BOOK LAUNCH BY TED MARIS-WOLF
Family Bonds: Free Blacks and Re-enslavement Law in Antebellum Virginia
Tuesday, May 05, 2015
Time: Noon–1:00 PM
Place: Conference Rooms
Between 1854 and 1864, more than a hundred free African Americans in Virginia proposed to enslave themselves and, in some cases, their children. Author Ted Maris-Wolf, Interim Vice President of Research and Historical Interpretation and Abby and George O'Neill Director of the John D. Rockefeller Jr Library at Colonial Williamsburg, explains this phenomenon as a response to state legislation that forced free African Americans to make a terrible choice: leave enslaved loved ones behind for freedom elsewhere or seek a way to remain in their communities, even by renouncing legal freedom. Maris-Wolf paints an intimate portrait of these people whose lives, liberty, and use of Virginia law offer new understandings of race and place in the upper South. A book signing follows the talk.

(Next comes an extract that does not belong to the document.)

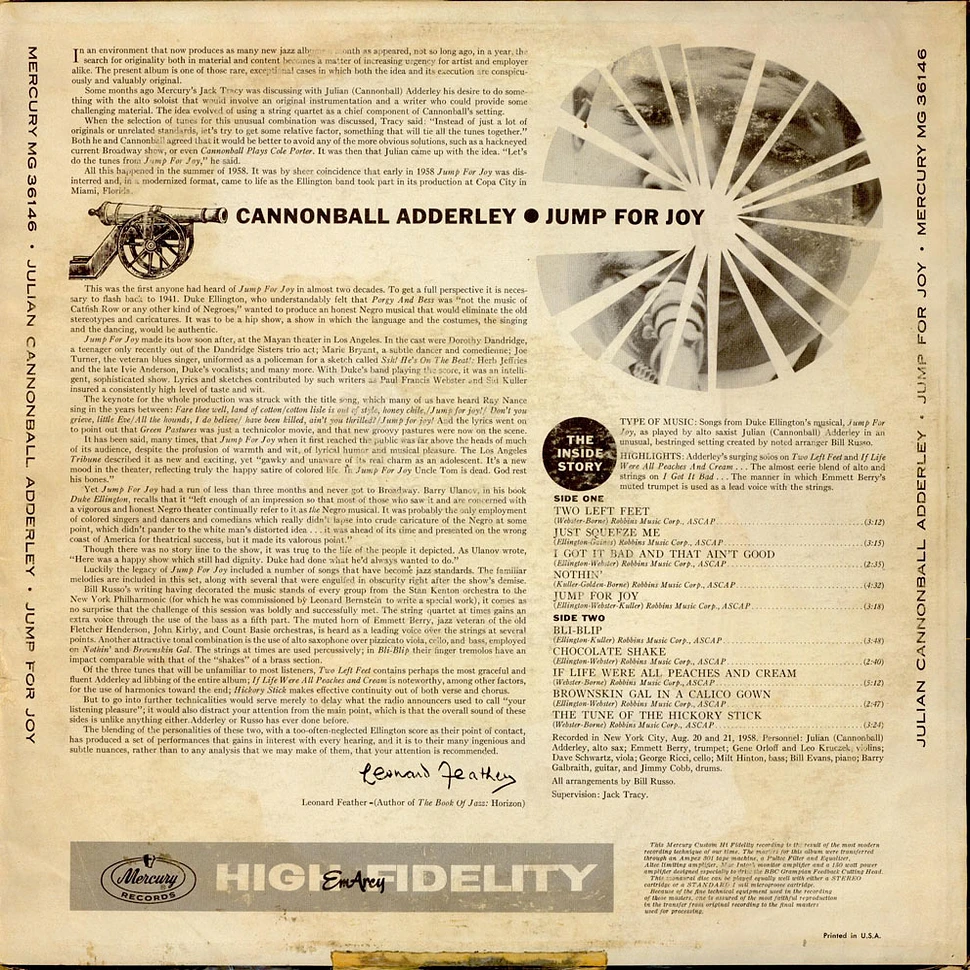 Cannonball Adderley - Jump For Joy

State Records Center Archives Annex Reading Room Late Opening
Wednesday, May 06, 2015
The State Records Center Archives Annex Reading Room will not open until 10:00 AM on Wednesday, May 6th.
Coffee and Conversation with Trailblazer Ruth Coles Harris:
A Virginia Women in History Event
Friday, May 08, 2015
Time: 10:30 AM–11:30 AM
Place: Conference Rooms, Free. RSVP at 804-692-3999.

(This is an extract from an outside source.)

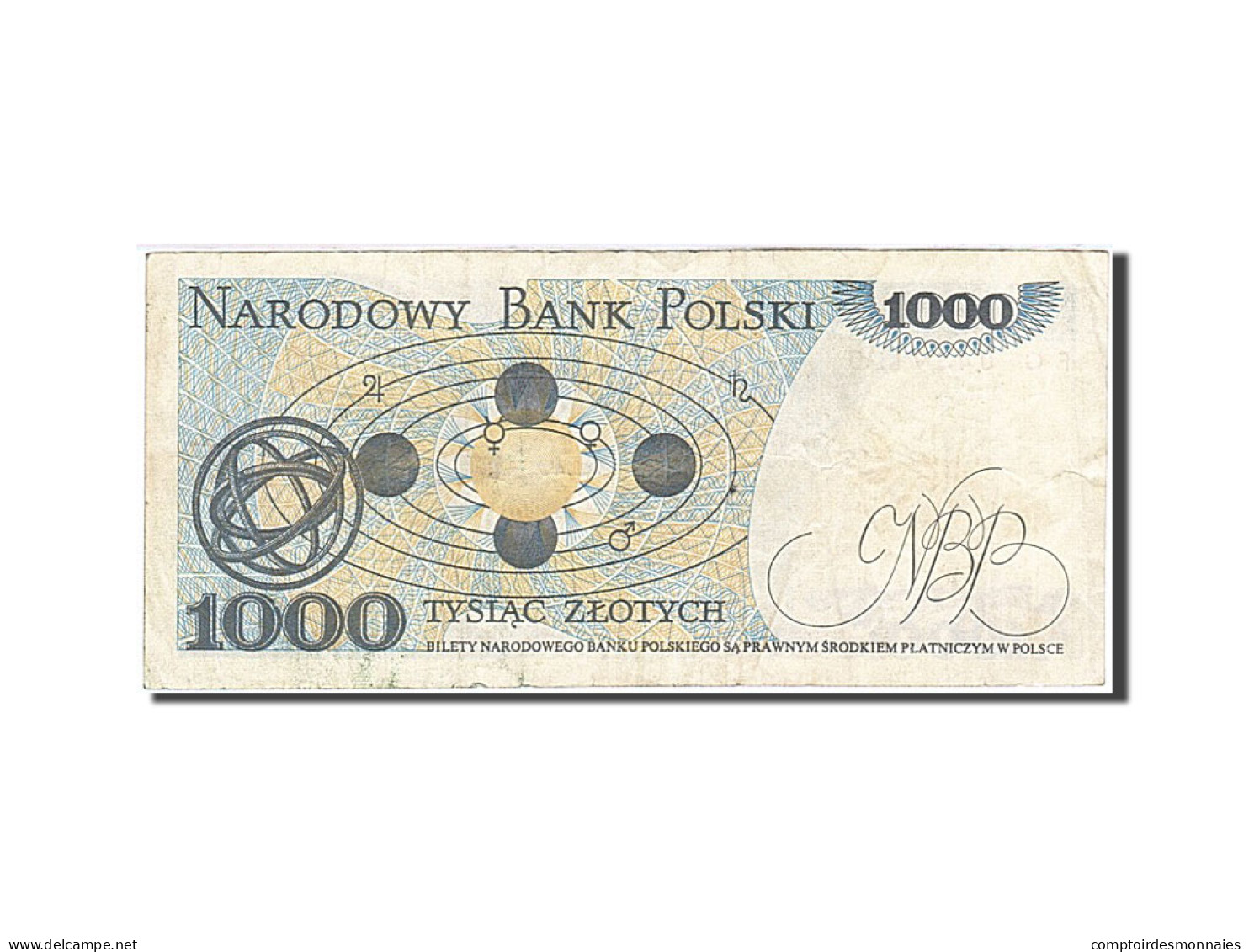 Billet, Pologne, 1000 Zlotych, 1974-1976, 1982-06-01, KM:146c, TTB - Pologne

Join us for coffee and conversation with business pioneer Ruth Coles Harris, one of the Library of Virginia's 2015 Virginia Women in History and the recipient of the Virginia Business and Professional Women's Foundation Business Leadership Award. The first African American woman to become a certified public accountant in Virginia, Harris was the founding director of the Sydney Lewis School of Business at Virginia Union University.
View images of the events.
Discovery Café Closed
Saturday, May 09, 2015
Time: 11:00 AM–2:00 PM
We apologize for any inconvenience this may cause.
Saturday, May 23, 2015—Monday, May 25, 2015
Closed for Memorial Day weekend
Slaves Waiting for Sale:Abolitionist Art and the American Slave Trade
Friday, May 29, 2015
Time: Noon–1:00 PM
Place: Conference Rooms, Free
Dr. Maurie McInnis, curator of the Library's exhibition To Be Sold: Virginia and the American Slave Trade, demonstrates how art can be used to interpret America's slave trade. Library staff will lead a discussion of whether the landmark exhibition accomplished its goals.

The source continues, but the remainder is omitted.